Any differences found in the Heritage Foundation report between New York’s Marcellus counties and Pennsylvania’s northeast Marcellus counties are as likely to be explained by pre-existing differences in their economies as they are by the natural gas industry.
While the regions on either side of the state line are of similar size geographically, the New York counties are more than two and a half times as heavily populated as the Pennsylvania counties. They include cities, such as Binghamton and Elmira. Also the supposedly more prosperous Pennsylvania counties are depopulating faster than the New York Counties.
As a consequence, even if New York were to allow fracking, the industry’s already negligible economic impact would be diluted further in the much larger economies of the New York counties.
As pointed out above, the small differences in economic outcomes between the two regions are far less important than the fact that both regions are suffering mightily. And, although natural gas has grown from 1% of the Pennsylvania counties’ economy to 30%, it has done little or nothing to change their economic trajectory. There is no reason to imagine that the results of embracing fracking in New York would be different.

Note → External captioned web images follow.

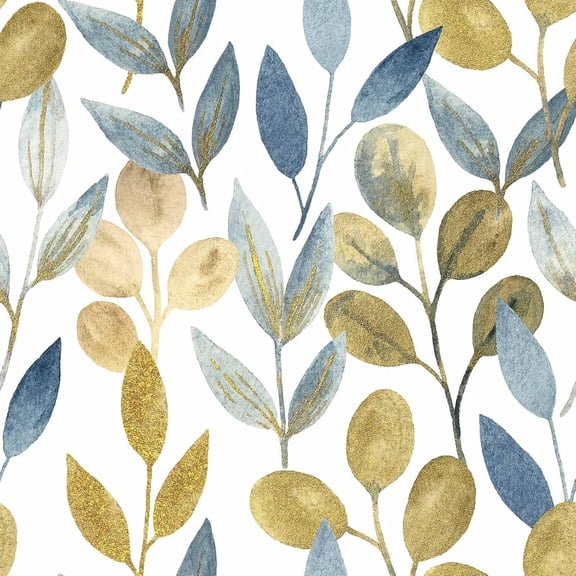 Blue Gold Leaf Peel and Stick Wallpaper Modern Self Adhesive Contact Paper Waterproof Removable Wall Paper for Bathroom Living Room 17.7"x70.8" Luxury Decorative Wallpaper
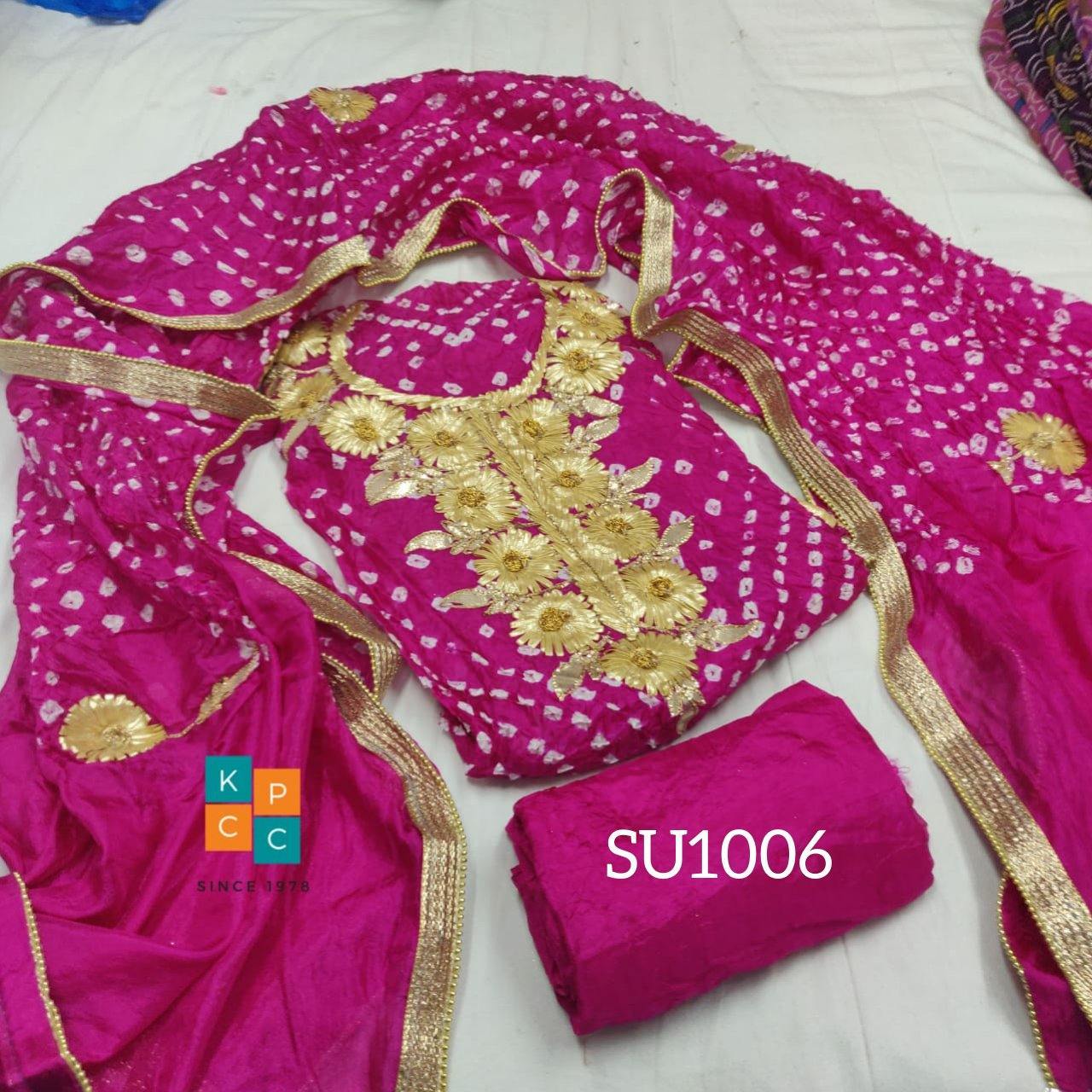 Bandhani Silk Gotapatti Suit , OR, KCPC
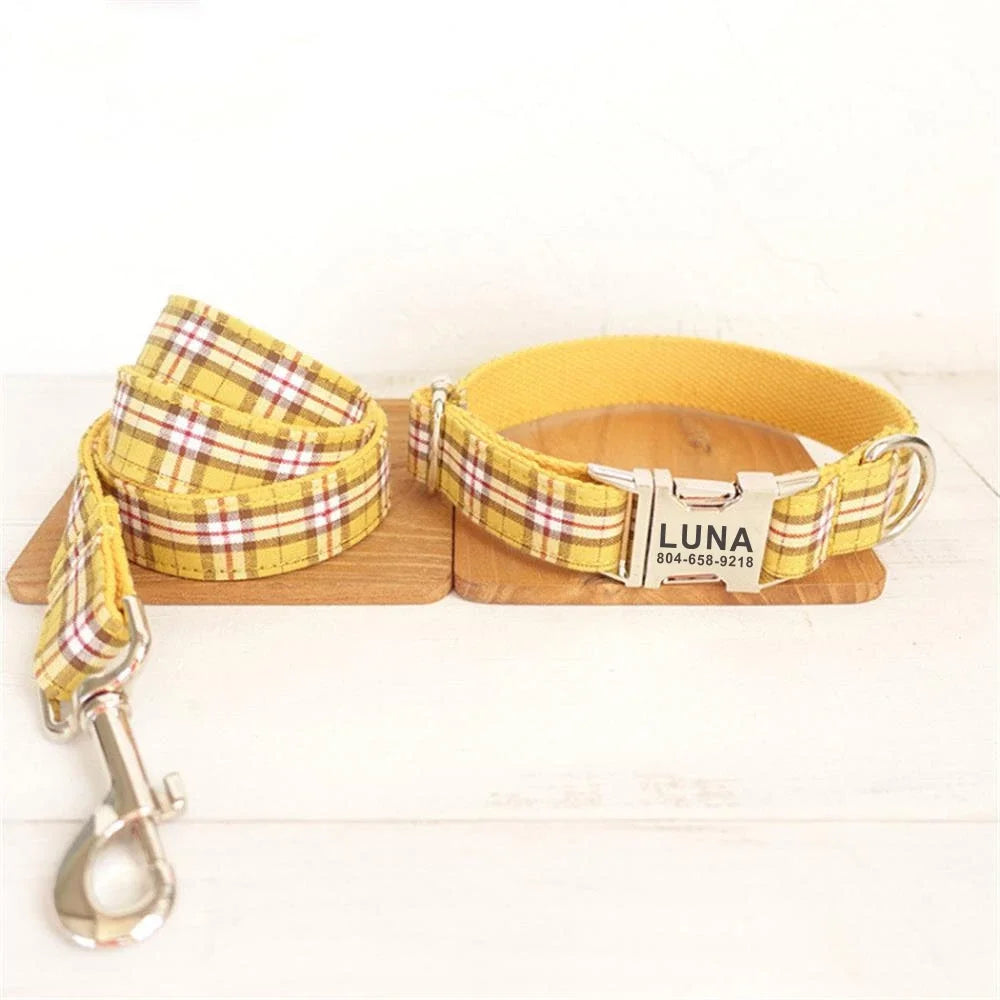 Personalized Pet Collar, Customized Nameplate ID Tag, Adjustable Suit Fiber Lemon Plaid Cat and Dog Collars, Lead Leash Dogy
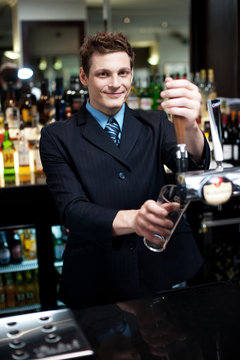 Bartender preparing to make cocktail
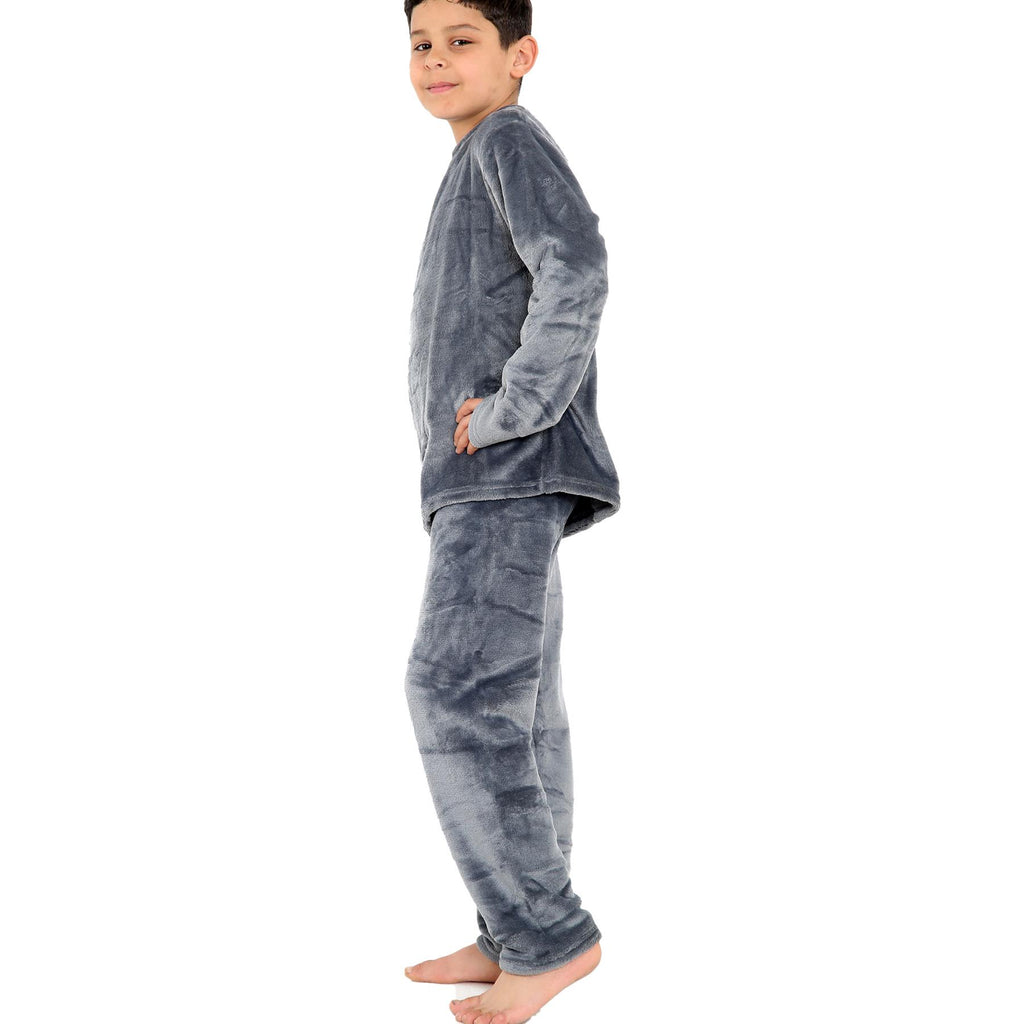 Kids Childrens Warm Fleece Pyjamas For Boys & Girls Sleepover 2 Piece Gift Set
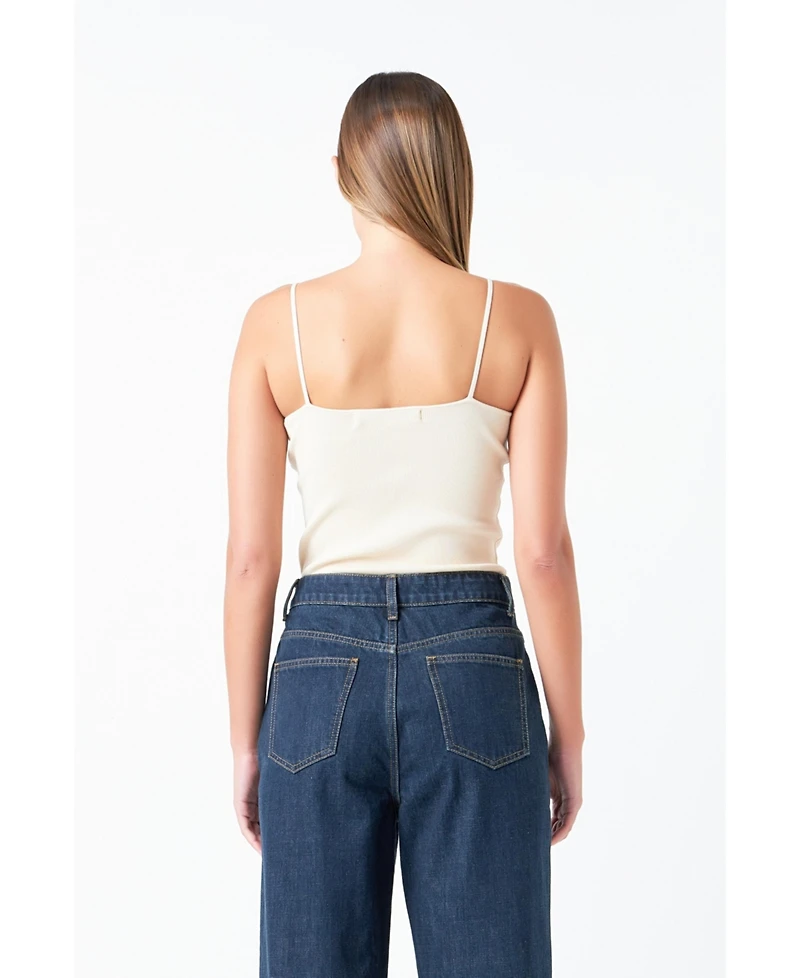 Women's Round Hem Knit Tank Top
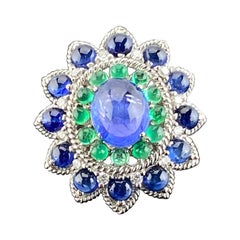 Vintage 4 Carat Tanzanite, Emerald And Sapphire Cabochon Ring Cocktail Gold Ring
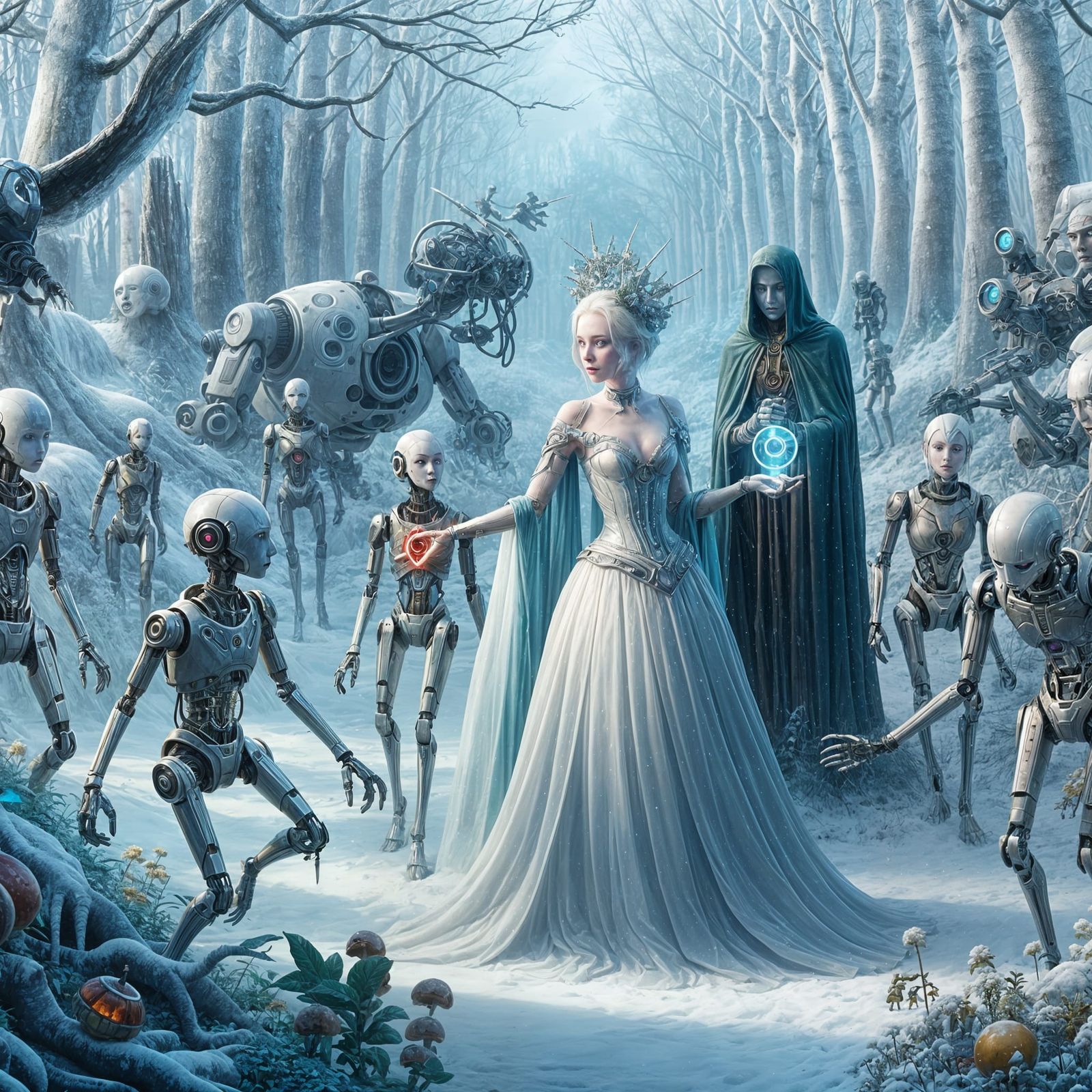 AI Princess and Droids in Cryogenic Forest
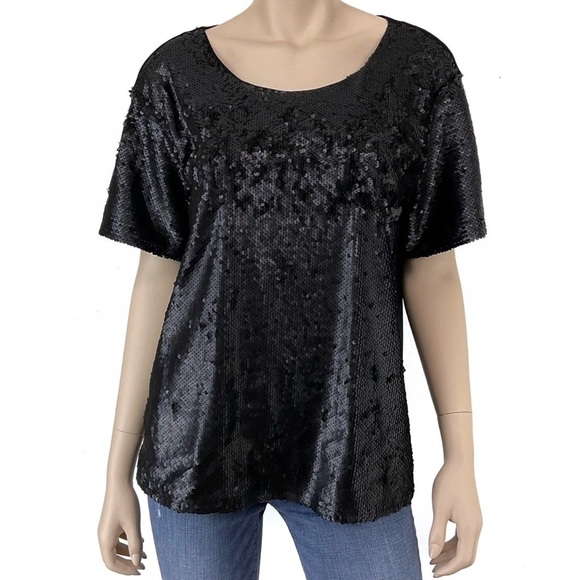 WORTHINGTON Black & Silver Sparkle Sequin Short Sleeve Festive Disco Blouse Sz L - Picture 2 of 16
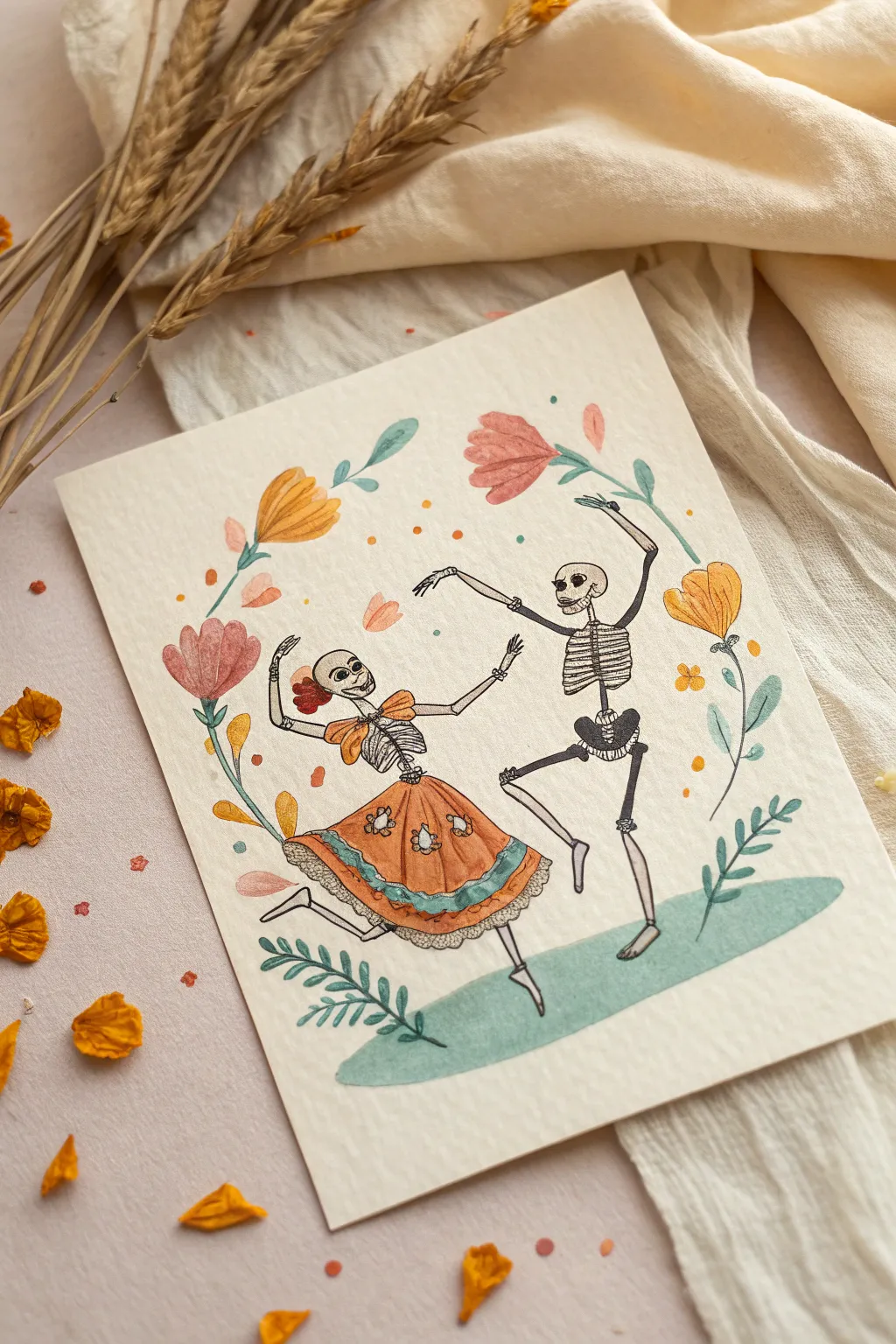 Day of the Dead dancing calacas in minimalist boho colors, perfect for an easy painting idea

Look out for the upcoming “Frackalachia Update.”
The Ohio River Valley Institute’s upcoming “Frackalachia Update” will explore in greater detail the economic impacts of natural gas development for all 30 major gas-producing counties in Ohio, Pennsylvania, and West Virginia. The update will show that the job and population losses described in this report for Pennsylvania’s northeastern gas-producing counties are typical of the impact natural gas production has in the northeast United States. And, looking ahead, it will discuss the possible implications for the industry, the region, and the region’s economic development strategies of growing demand for energy.
[1] As defined by the US Bureau of Labor Statistics, the Mining sector includes “Mining, Quarrying, and Oil & Gas Extraction.”
[2] The total income of an area can exceed total GDP as a result of government transfer payments, such as Social Security and AFDC benefits which add to the income generated by economic output.